July 10, 2023

The Road to an Open and Interoperable Lakehouse

The Road to an Open and Interoperable Lakehouse

Snowflake Summit

At Snowflake Summit there was an impressive lineup of features, ranging from Document AI, Snowpark Container Services, Dynamic Tables, and updates around Iceberg support. Several of our customers today want to query data in Onehouse from Snowflake’s SQL Warehouse. Given that Snowflake’s private preview of Iceberg tables is the method available for lakehouse integration, the Iceberg updates at the summit were of particular interest for us. 

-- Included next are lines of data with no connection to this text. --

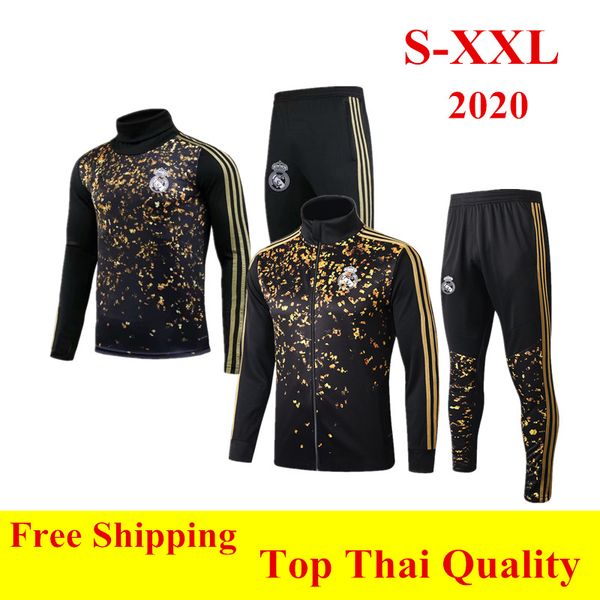 2020 real madrid ea jacket suit thai quality 20 21 hazard soccer uniform modric kroos ramos benzema isco bale marcelo mariano training suit, Black
2020 real madrid ea jacket suit thai quality 20 21 hazard soccer uniform modric kroos ramos benzema isco bale marcelo mariano training suit, Black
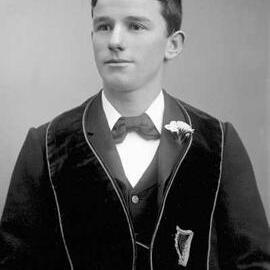 Portrait of Mr.  W. Wilson  wearing a Druids velvet stole or vest.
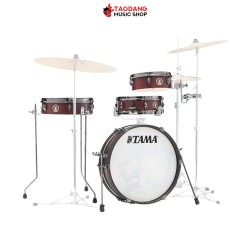กลองชุด Tama Club Jam Pancake สี Burgandy Walnut Wrap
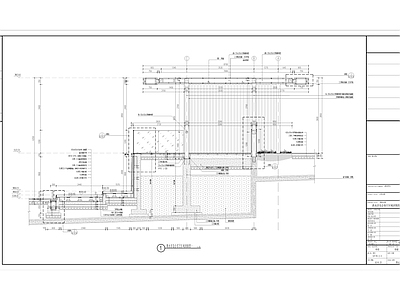 现代廊架 跌水浮岛会客厅 会客厅廊架 跌水水景 施工图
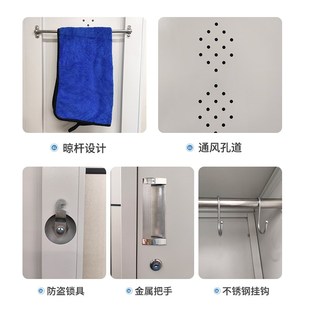 不锈钢清洁柜拖把扫把收纳柜家用卫生工具储物柜阳台杂物保洁柜子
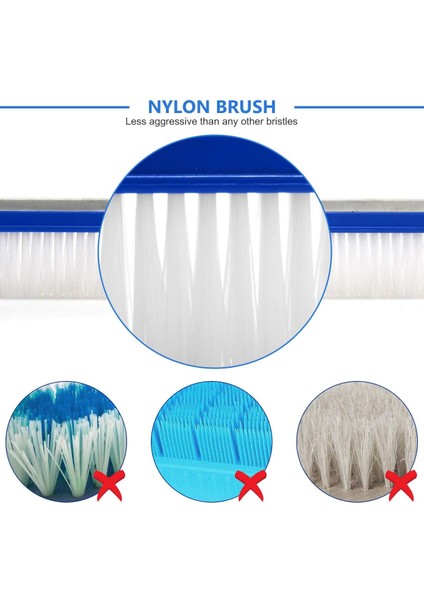 Fırçalar Havuz Fırçası, Havuz Duvarı ve Fayans Fırçası 18 Inç Alüminyum Havuz Temizleme Direği Fırça Başlığı Yedek Fırça (Direk Dahil Değildir) (Yurt Dışından) indirimleri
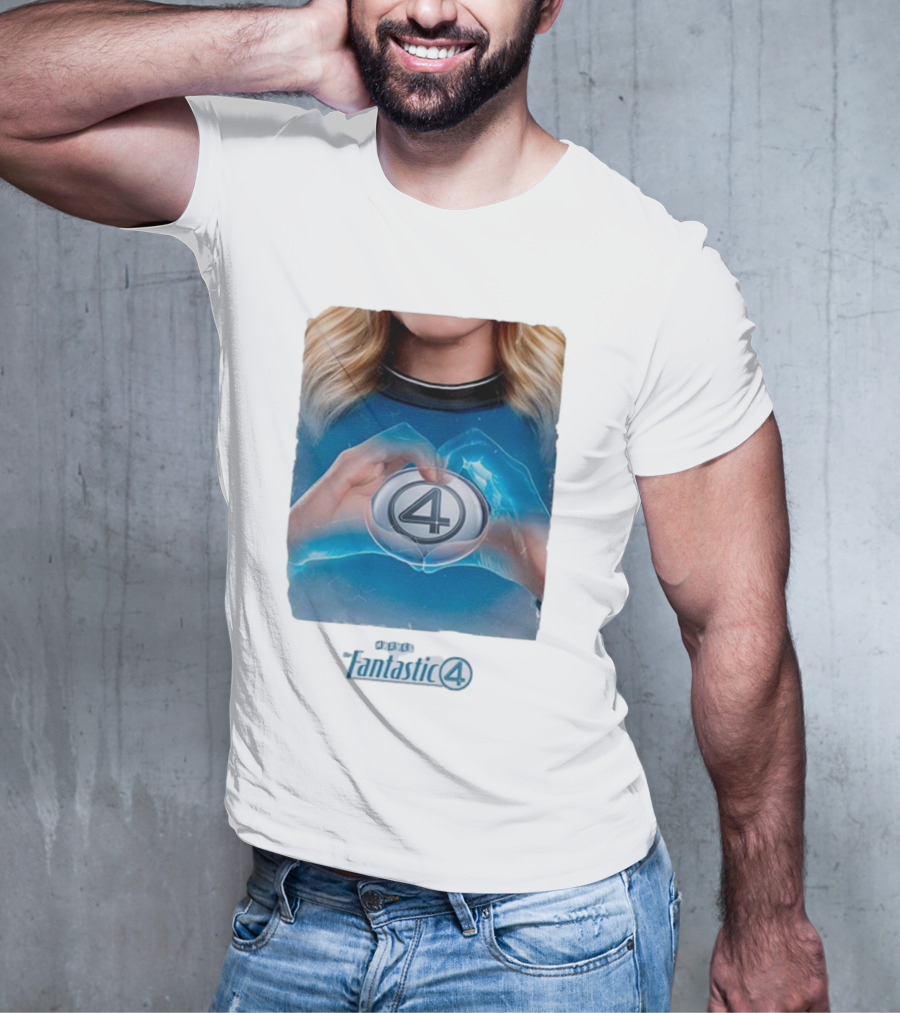 Invisible Woman Marvel Studios Fantastic 4 Emblem T-Shirt
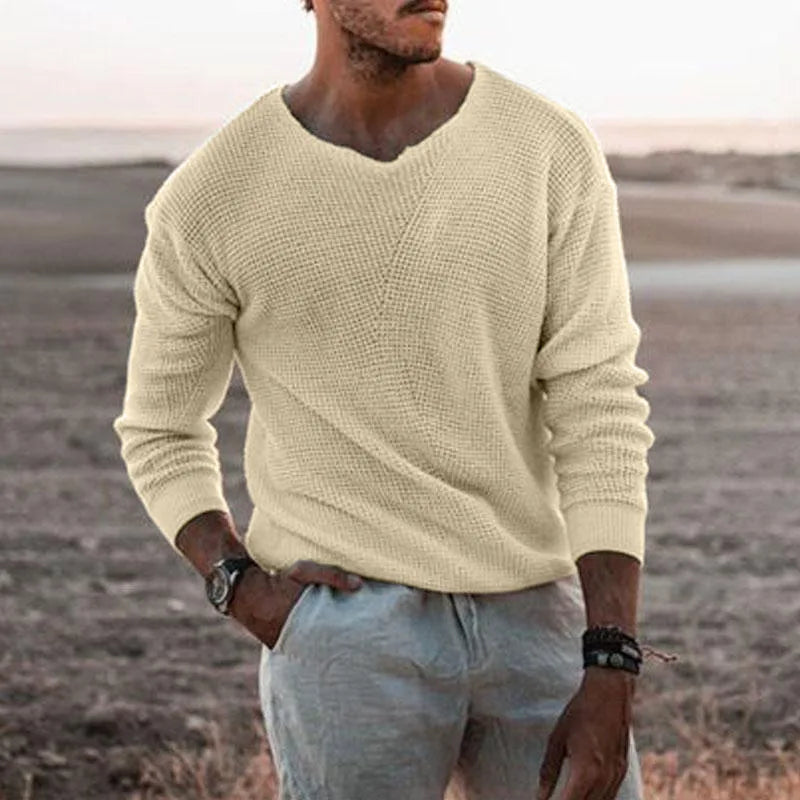 Men’s V-Neck Knitted Sweater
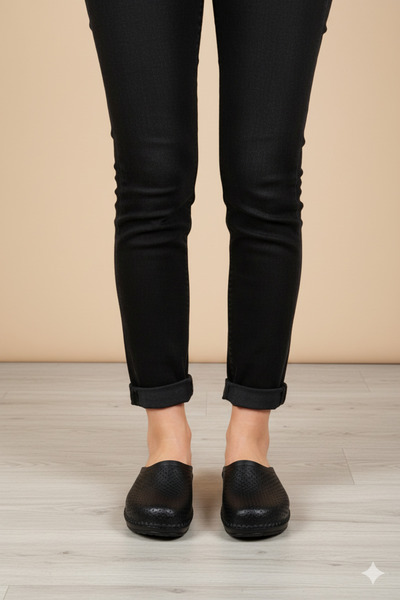 Deniz Terlik Women's Genuine Leather Orthopedic Soft Daily Slippers | House Slippers |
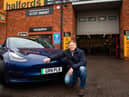 Secretary of State for Transport Grant Shapps visits Halfords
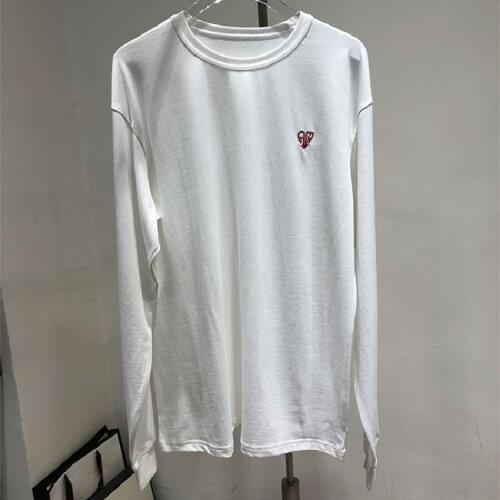 Women O-Neck Long Sleeve T Shirt Lady Love embroidered Printed Comfortable T-shirts Female Loose Tee Tops 2021 New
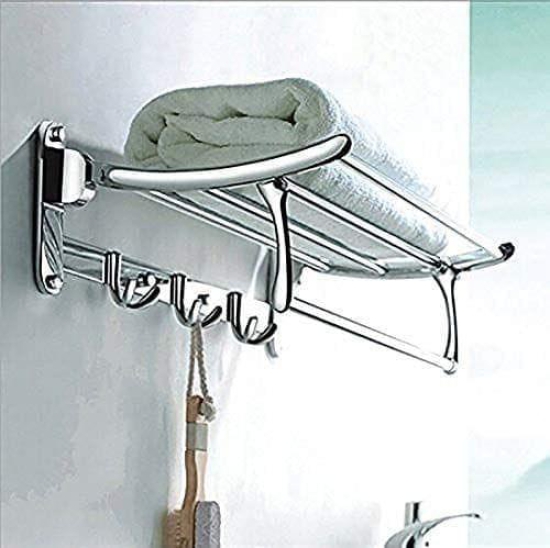 ANMEX Classic Stainless Steel Folding Towel Rack (18 Inches)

As we documented in the past, performance was notably poor for external tables and some of our users felt they had to revert back to Snowflake native tables. It is very exciting to see in the keynote that they have now improved the performance with unmanaged Iceberg tables by 2x, and now offer near-parity of performance between managed Iceberg tables and Snowflake native tables. While it is puzzling why the feature has to continue in private preview for so long, the announcement is still a promising step forward for the community. More details are covered in this blog from Snowflake.

Databricks Data+AI Summit

At the Data + AI summit, Databricks unveiled some captivating new advances for the Lakehouse, including LakehouseIQ, LakehouseAI, and notably Delta Lake 3.0 with the announcement of Delta UniForm. The Delta UniForm launch reaffirms an urgent need in the community to build bridges between the Lakehouse table formats of Delta Lake, Apache Hudi, and Apache Iceberg. We were hoping that they would chose to collaborate on projects already in motion to further unify the communities as opposed to embedding this project inside Delta Lake code repository. Nonetheless, it's welcome move from an industry leading data vendor to support more open data formats than their own.

Delta UniForm: What it Is (and What it Isn’t)

Let’s understand what UniForm is and what it isn’t. In the keynote, Databricks described how Delta, Hudi, and Iceberg are all Parquet files under the hood, each with their own format for metadata. Databricks CEO Ali Ghodsi announced that, with UniForm “whenever you write data to Delta, it just will generate metadata in all three formats: Hudi, Iceberg, and Delta”. From reading the announcement blog it appears UniForm is primarily aimed at existing Delta Lake and Databricks users, rather than an attempt at solving format fractures across the three projects. The goals described include making it easier to choose Delta Lake as the standard format within Databricks, as the other formats also are rapidly adopted. 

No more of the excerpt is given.